Users will test their urine before the reaction. Then, they will add an enzyme, wait for their urine to hydrolyze, and then add Magnesium Chloride. A sediment will build up at the bottom of the jar. Using a filter, they will pour off and flush the liquid, leaving the fertilizer in the jar. They can add water and the seeds included in the kit to grow their own watercress hydroponically in the glass container used for the reaction.

For more information about treating urine to extract its nutrients, read this press release from EAWAG (Swiss Federal Institute of Aquatic Science and Technology). [via Cool Hunting]

21 Comments:

errr, ummm
i'm kinda speechless...

but GO URINE!

I'm pretty sure this has nothing to do with food, eating, or cooking.

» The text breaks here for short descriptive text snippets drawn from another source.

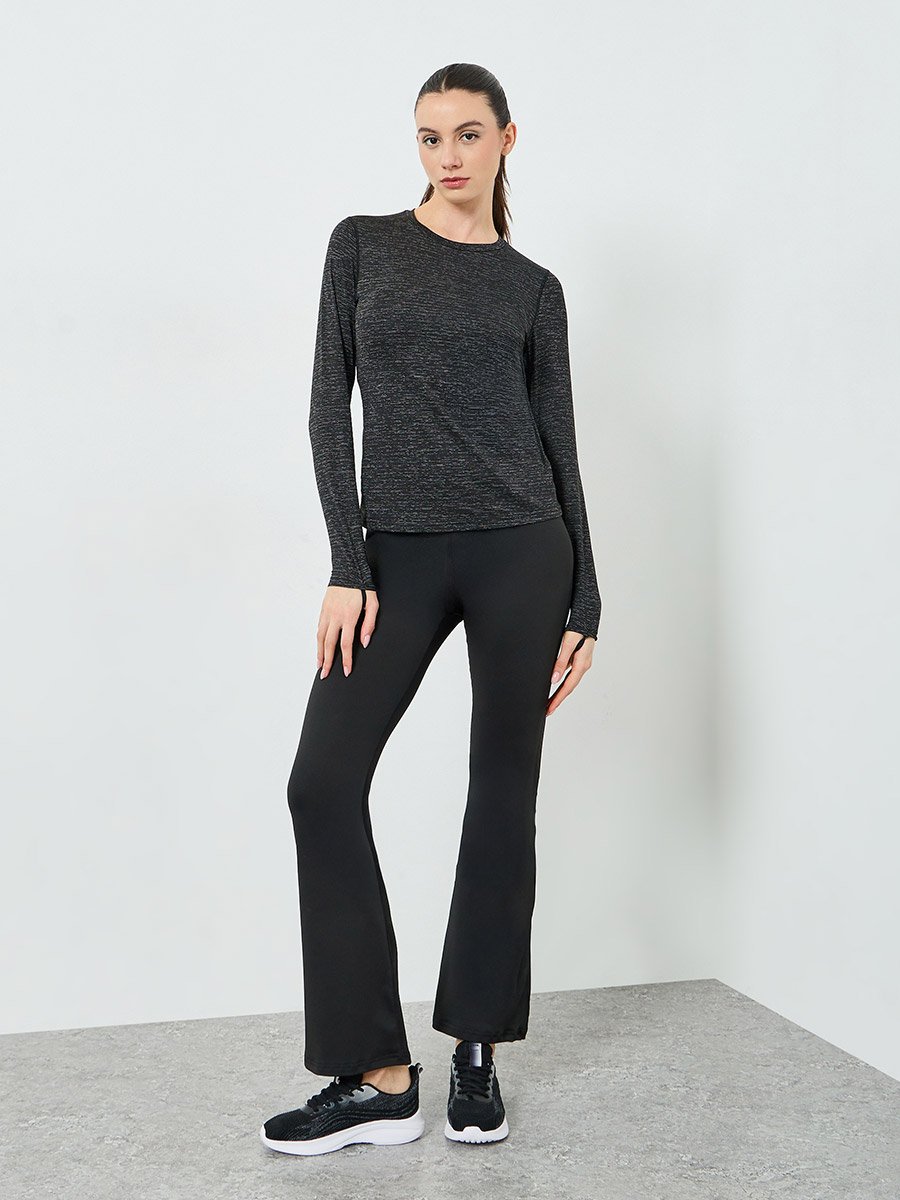 Black Melange Round Neck Top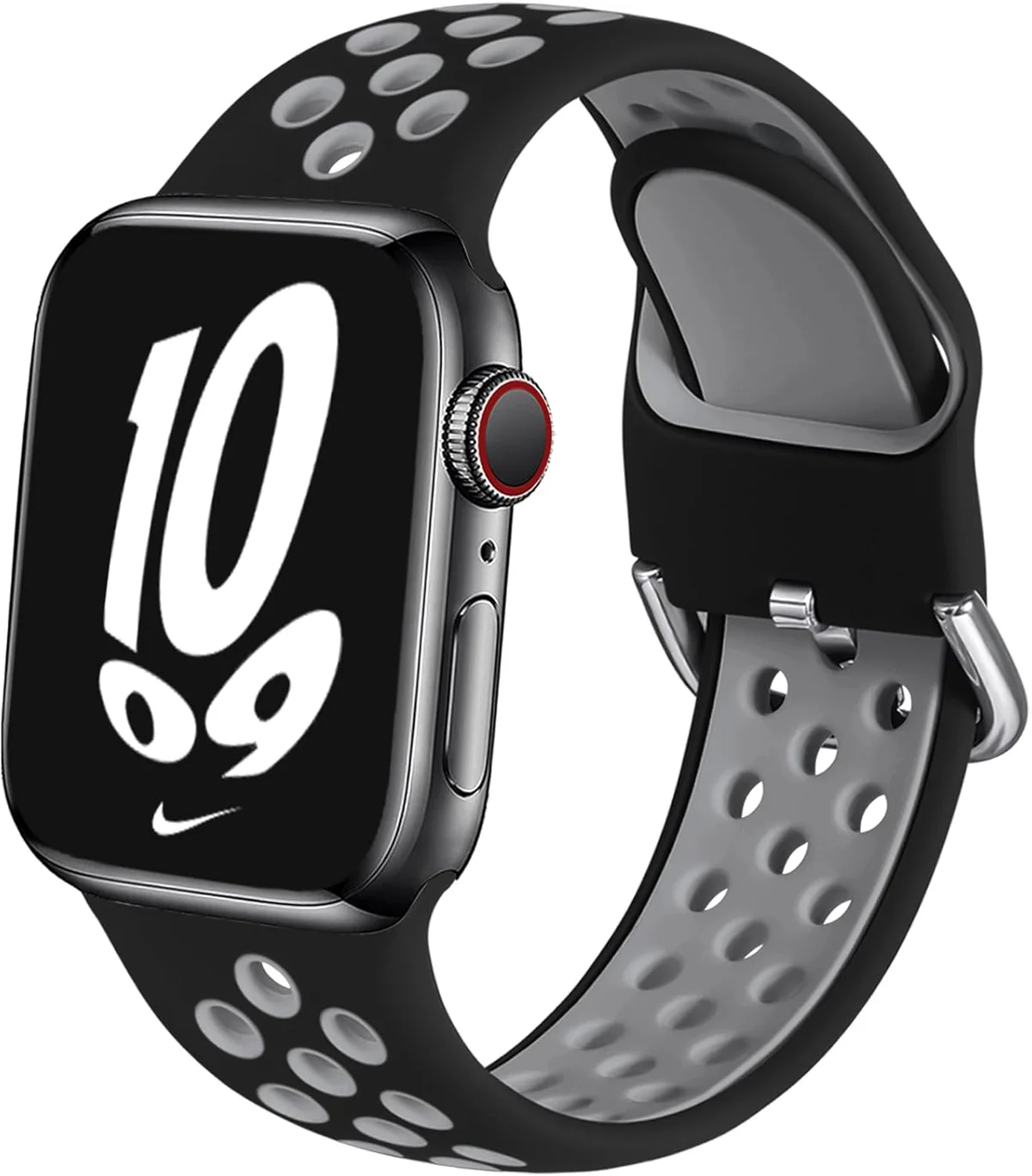 Sport Band Apple Watch (38/ 40/ 41 mm) Preto/ Branco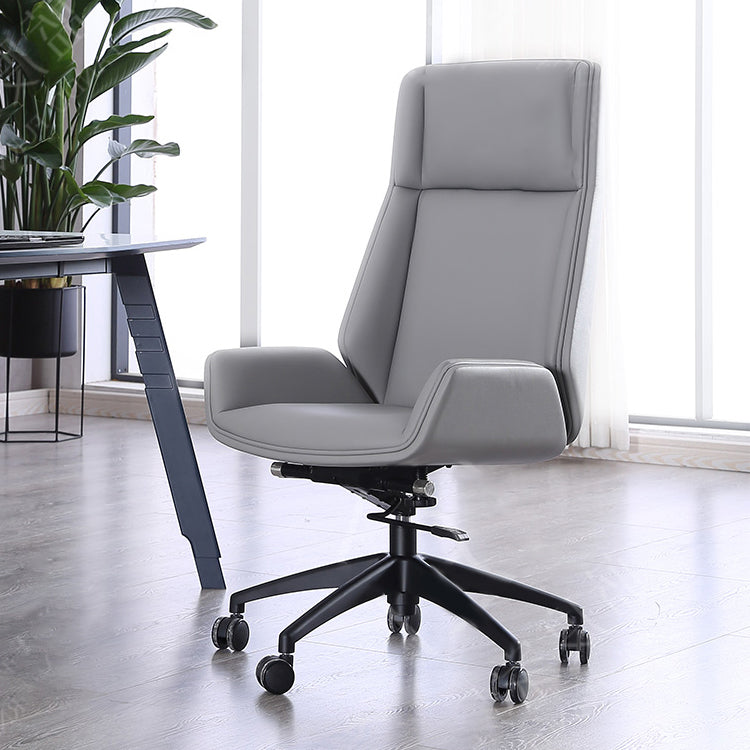 Contemporary Executive Ofiice Chair with Chrome Frame Armless Computer Desk Chair Grey Casters Included Clearhalo 'furn' 'furn_office_chair' 'Furniture' 'furniture_office_chair' 'Office Chairs' 'Office Furniture' 'office_chair' 5011093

Only if I had someone I really despised to feed it to! Fortunately, there is no one, so count me OUT.

Yeah, sure!

**wink wink** **nudge nudge**

I did expect that most people would be turned off by this idea, but I hoped someone (well, at least one person besides me) would find it interesting...

To me, this project is relevant to this website because it has to do with growing...stuff. Not specifically food (yet?), but the possibility is there. To think that you can recycle something that we make every day (uh, hopefully) into a useful fertilizer is...neat, among other adjectives I can't pick out right now. Also, urine left untreated is a pollutant in water, which disrupts marine life and then...well, anything that feeds off the water.

So, to put it ineloquently, this kit takes something that could kill fish and extracts the nutrients so it can grow plants. And not kill stuff. Or something.

What I do with my pee is my business, Robyn.

@Raphael: But you kept talking about how open we should be with one another...

Now I understand...our friendship is a big sham.

Are you just testing us to see if we're paying attention?

Maybe I wouldn't mind reading about it so much if there wasn't a photo accompanying it.

I agree with Dave Faris, where is the connection and why was that diagram necessary? Gah.

Hillary
Chew on That

@hillary: did you read Robyn's response to DaveFaris?

I love the acronym for the "more info" group--EAWAG. Kinda sounds like my reflex response to this idea/picture...

Next on Serious Eats : Guano & You!

OK, urine is bad enough but like Dave says, .....if next on the agenda is poop I'm out of here!!!

OMG- I can't believe my friend is right about the pee. He told me about this awhile ago and said he used it as added "fertilizer" and nutrients to the soil. Hmm, would this process be consider organic?

My favorite use for urine is to make phosphorus - the cold fire:
http://www.ul.ie/~childsp/CinA/Issue60/TOC55_Urine.htm
And yes, I know this has nothing to do with food either.

Asparagus anyone?

@wookie....ha..ha..ha. Come on, we all do it. (pee, I mean) Not an appetizing thread, but certainly interesting. Thanks Robyn, certainly didn't expect that topic title! I expected the jump to be "What are you doing with your pee?....pers this Easter?" (Get it, Peepers? Yeah, it was a stretch)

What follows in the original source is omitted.